In terms of services breached, open source data search engine ElasticSearch was the most frequently implicated, with the number of breaches caused by ElasticSearch misconfigurations almost tripling between 2018 and 2019. Notable breaches during that period included the October 2019 breach at Adobe, which saw customer account information, including email addresses and account payment details, exposed, and the January 2019 breach at DIY chain B&Q, which exposed the personal details of people suspected of shoplifting from its stores. In both these cases, data leaked after an ElasticSearch database was left facing the public internet without password protection.

Other frequently compromised services included AWS Simple Storage Service (S3) buckets, which accounted for 16% of recorded data exposure events (down in 2019 from 2018), and MongoDB, which accounted for 12% of incidents.

Anthony Johnson, a former JPMorgan Chase CISO and now managing partner at cyber security consultancy Delve Risk, said in the report’s foreword that the sheer number of breaches was unsettling and frustrating because the underlying causes were rarely complex.

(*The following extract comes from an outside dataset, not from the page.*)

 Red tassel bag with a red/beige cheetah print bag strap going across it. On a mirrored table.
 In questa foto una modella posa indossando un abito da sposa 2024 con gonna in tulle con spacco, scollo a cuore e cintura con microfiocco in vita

“Having an unprotected server is not an acceptable reason for a breach, nor is any other misconfiguration,” he wrote. “When moving at the speed that technology enables within the cloud, configuration management is key.”

Johnson said enterprises needed to hold themselves to higher standards, and that their negligence was evident in both the number and cost of breaches.

“Perhaps it would be more comforting if there were only a few industries experiencing these issues, but that is not the case,” he said. “This is a widespread problem affecting every industry, and it is something that we need to solve collectively. No industry or company can choose to ignore this problem because it is only gaining more momentum, and it is clearly not going away.”

DivvyCloud said organisations must move towards a continuous control security model and secure configuration enforcement that is constantly monitored and updated, reflecting the dynamic, software-defined nature of the cloud.

Solutions that provide high levels of automation will be essential, it added, particularly in large-scale hybrid cloud infrastructures, where automation can take the headache out of cloud security by giving organisations a framework for what they should be doing in a continuous, real-time process. This will also require cultural change, it said.

“As companies adopt cloud and container environments, they need to simultaneously take control of their cloud security models and fulfil their share of the responsibility if they wish to keep their cloud out of the news,” wrote the report’s authors.